Input data >>
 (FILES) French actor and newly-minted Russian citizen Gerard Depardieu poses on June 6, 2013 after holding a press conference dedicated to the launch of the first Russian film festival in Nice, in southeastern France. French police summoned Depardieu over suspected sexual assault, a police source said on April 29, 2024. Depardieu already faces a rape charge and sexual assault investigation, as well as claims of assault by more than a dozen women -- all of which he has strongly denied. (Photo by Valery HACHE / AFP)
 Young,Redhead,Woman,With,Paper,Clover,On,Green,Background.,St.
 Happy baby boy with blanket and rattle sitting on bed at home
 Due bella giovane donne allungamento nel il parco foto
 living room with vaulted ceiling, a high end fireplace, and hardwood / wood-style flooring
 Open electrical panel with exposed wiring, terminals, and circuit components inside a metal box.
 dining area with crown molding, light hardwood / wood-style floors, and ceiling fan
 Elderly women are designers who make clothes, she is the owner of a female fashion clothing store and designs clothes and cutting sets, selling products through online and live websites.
---
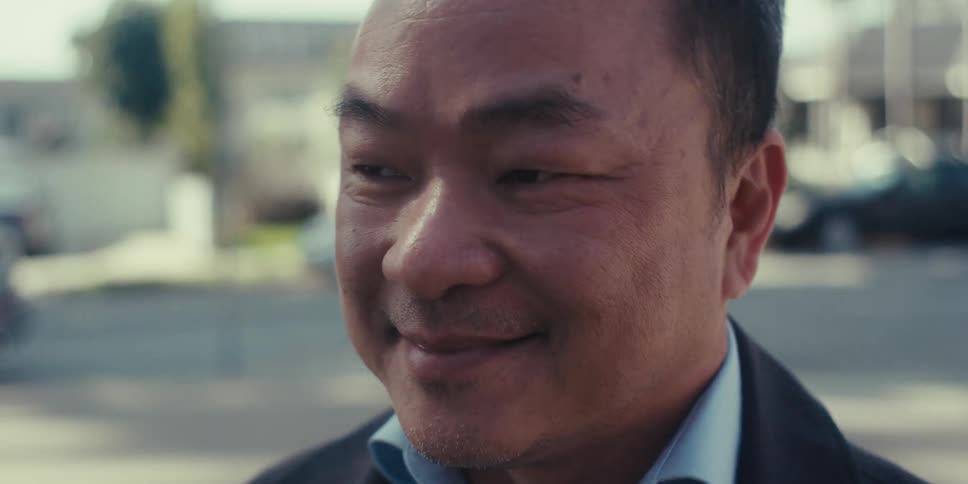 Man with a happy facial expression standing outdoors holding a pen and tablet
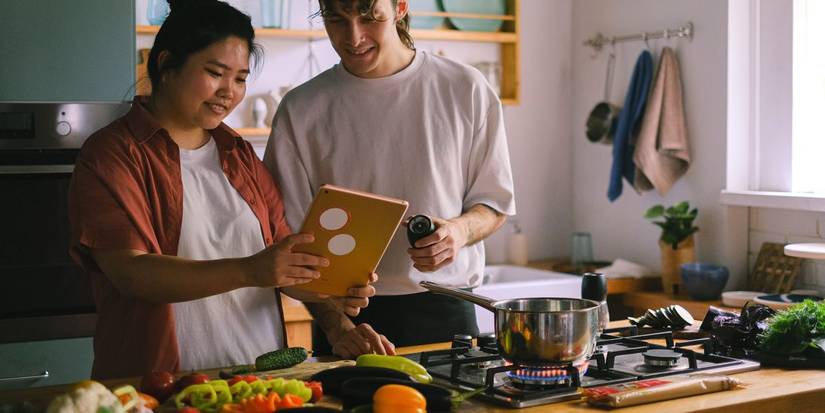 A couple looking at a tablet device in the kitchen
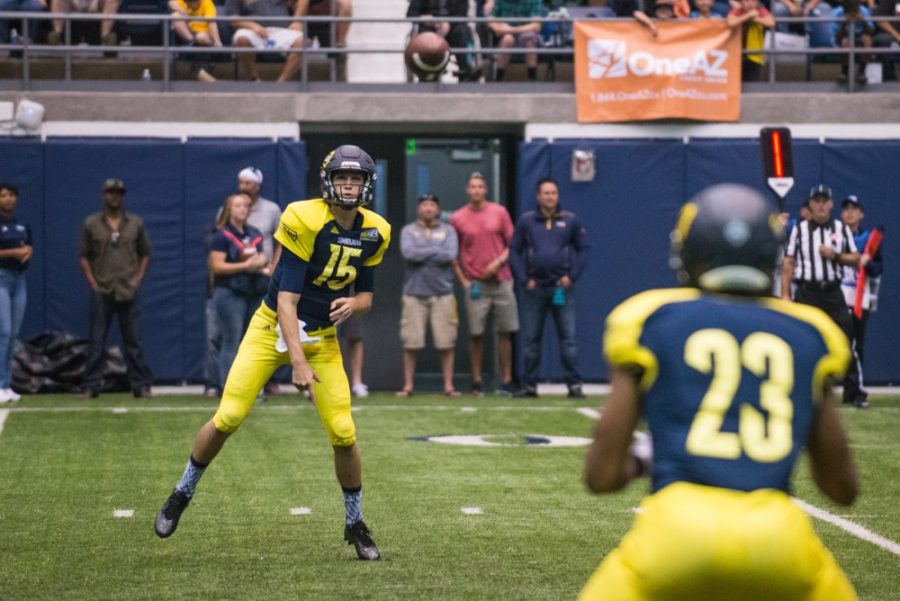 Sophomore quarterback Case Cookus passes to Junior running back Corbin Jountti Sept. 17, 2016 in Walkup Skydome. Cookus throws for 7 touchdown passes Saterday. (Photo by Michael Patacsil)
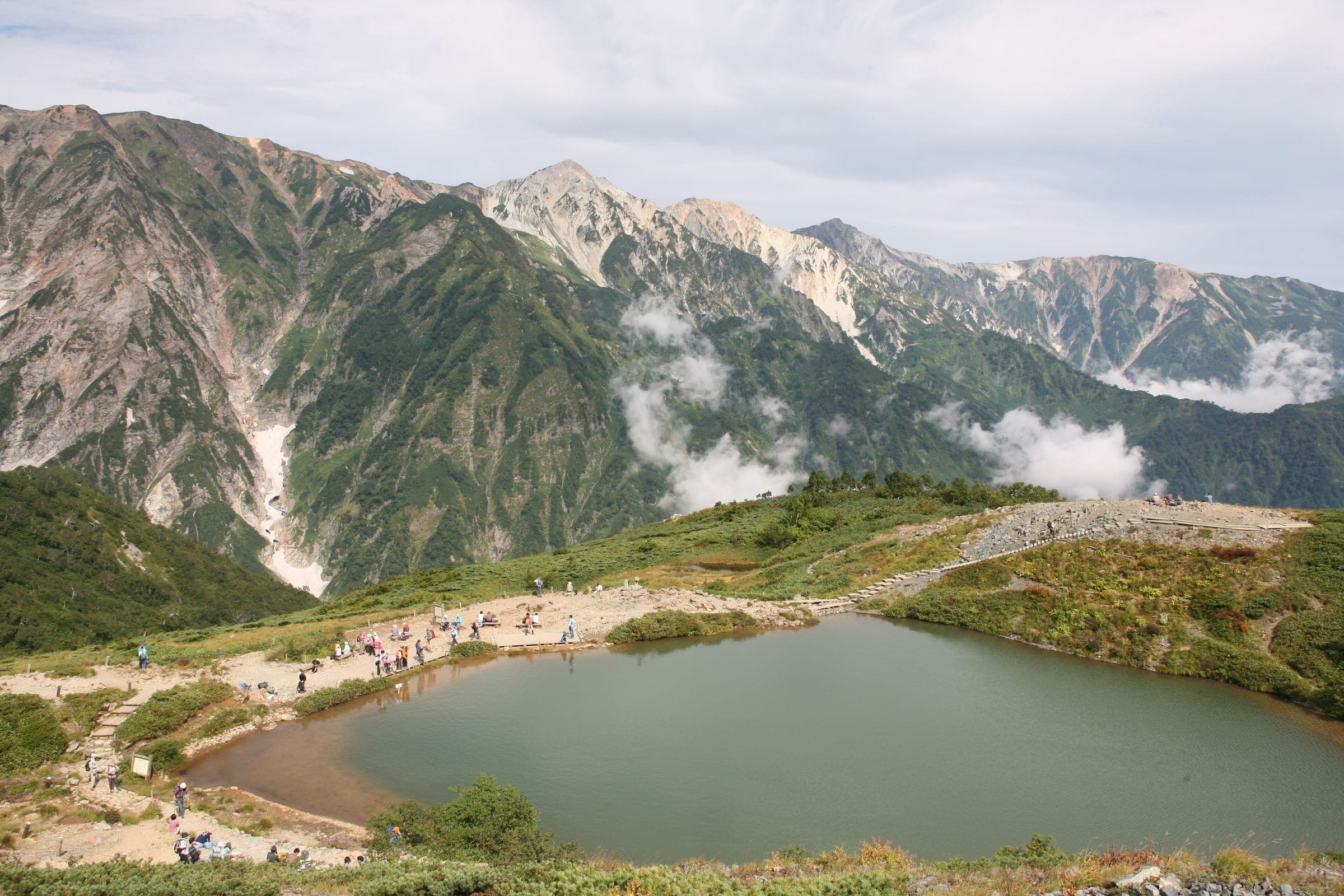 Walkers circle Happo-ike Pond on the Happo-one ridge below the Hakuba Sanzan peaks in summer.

What needs to be done >>
Output exactly those lines of the data above that run from the line with "A couple looking" up to and including the line with "Sophomore quarterback Case". No pictures go in.

Result of this task >>
 A couple looking at a tablet device in the kitchen
 Sophomore quarterback Case Cookus passes to Junior running back Corbin Jountti Sept. 17, 2016 in Walkup Skydome. Cookus throws for 7 touchdown passes Saterday. (Photo by Michael Patacsil)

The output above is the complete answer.